Scaremongering headlines: irresponsible financial journalism
I’m usually a fan of the FT’s quality journalism. That’s why today’s headline is disappointing:
“Fresh US recovery fears hit Asian stocks: stockmarkets tumble”
But here’s the reality:
- Nikkei -1.2 %
- Australia -1.0%
- South Korea -0.3%
- New Zealand -0.6 %
- Hong Kong -0.4%
0.4% is a “tumble”? Really?
I know it’s tough for journalists to come up with an exciting new headline every day, but this kind of hyperbole is at best, lazy, and at worst, irresponsible financial journalism.
Of course, the FT are not the only (nor the worst) culprits. Here’s a smattering of similar headlines from across the globe this morning:
From The Associated Press:
“World markets dropped Friday as more dour reports on the U.S. economy renewed concerns about a slowing recovery and sent stock investors packing. The numbers spooked investors around the globe”.
(Even more incredulous: the same article goes on to quote actual index “collapses” in the very same article, just a few sentences below: Germany -0.5%, France -0.5%, UK -0.2%.)
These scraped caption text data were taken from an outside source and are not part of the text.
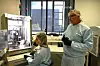 To personer i verneklær arbeider ved en arbeidsbenk med laboratorieutstyr og en skjerm i et forskningsrom.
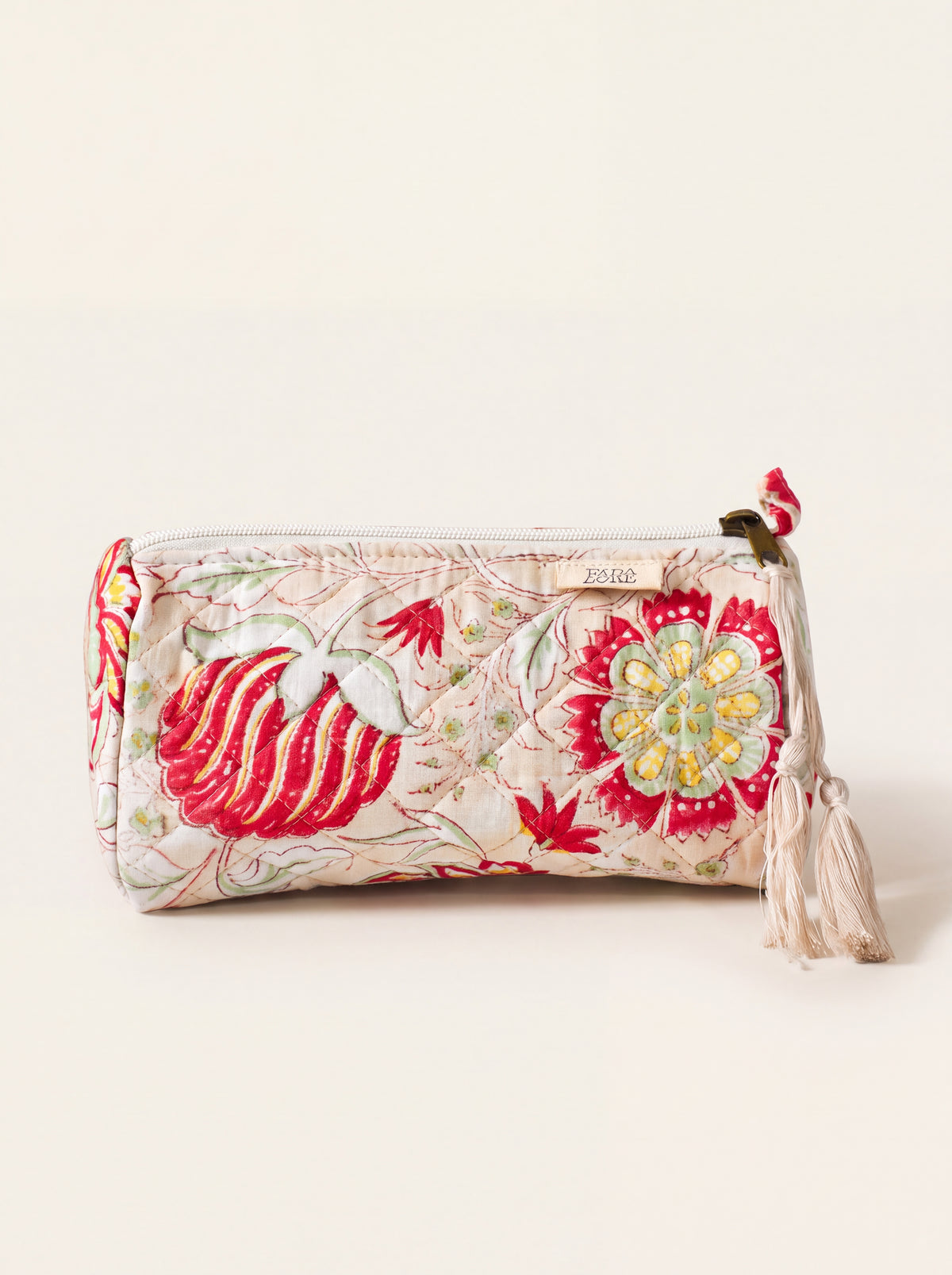 Small Fabalore Meadow quilted floral pouch with cream zipper and tassel.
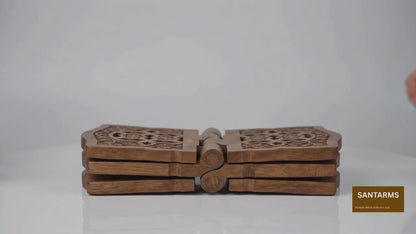 wooden prayer stand with decorative cutout patterns on the curved top, shown on a plain white background.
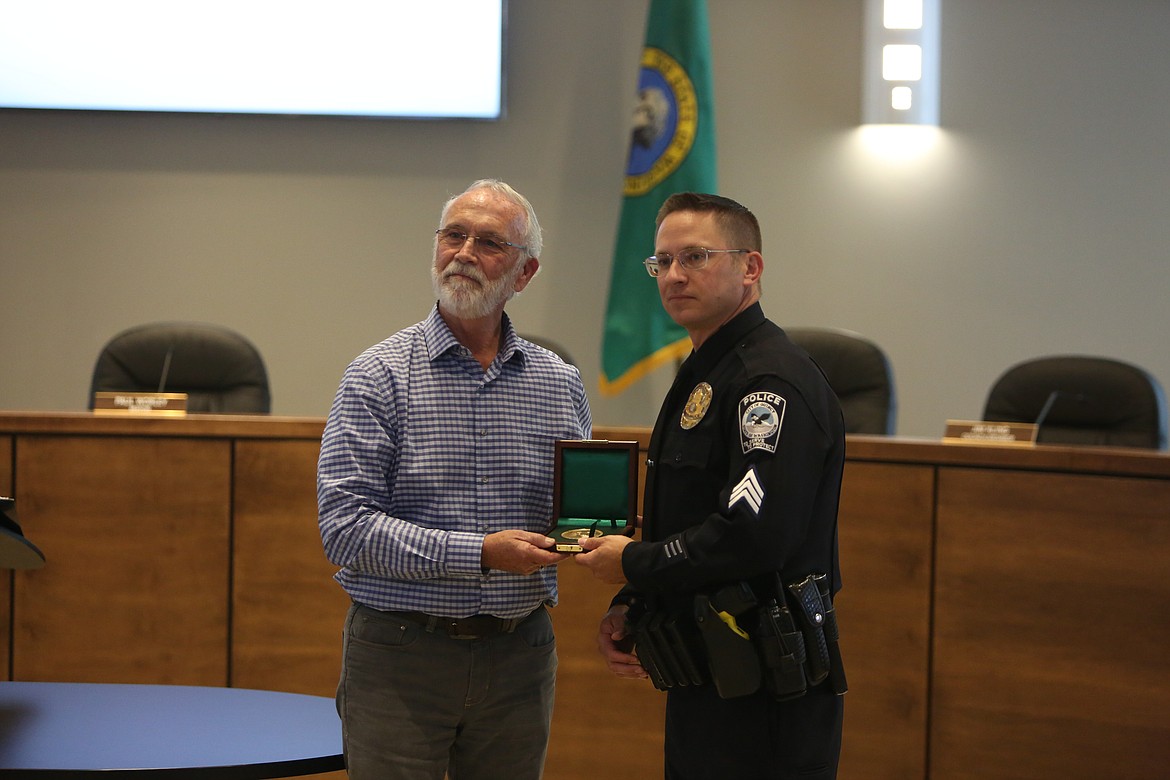 Quincy Police Department Sgt. Stephen Harder, right, and U.S. Congressman Dan Newhouse, left, smile for a photo after Newhouse presented Harder with the Carnegie Hero Fund Medal on Thursday in Quincy.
And from The Telegraph: “Gloomy US industrial data rattle worldwide markets”
Come on. Enough sensationalism. Being human, investors have a hard enough time keeping emotions sufficiently in check to make good, rational investment decisions. Inaccurate, scaremongering headlines only needlessly fuel the flames. Let’s see some responsible journalism already.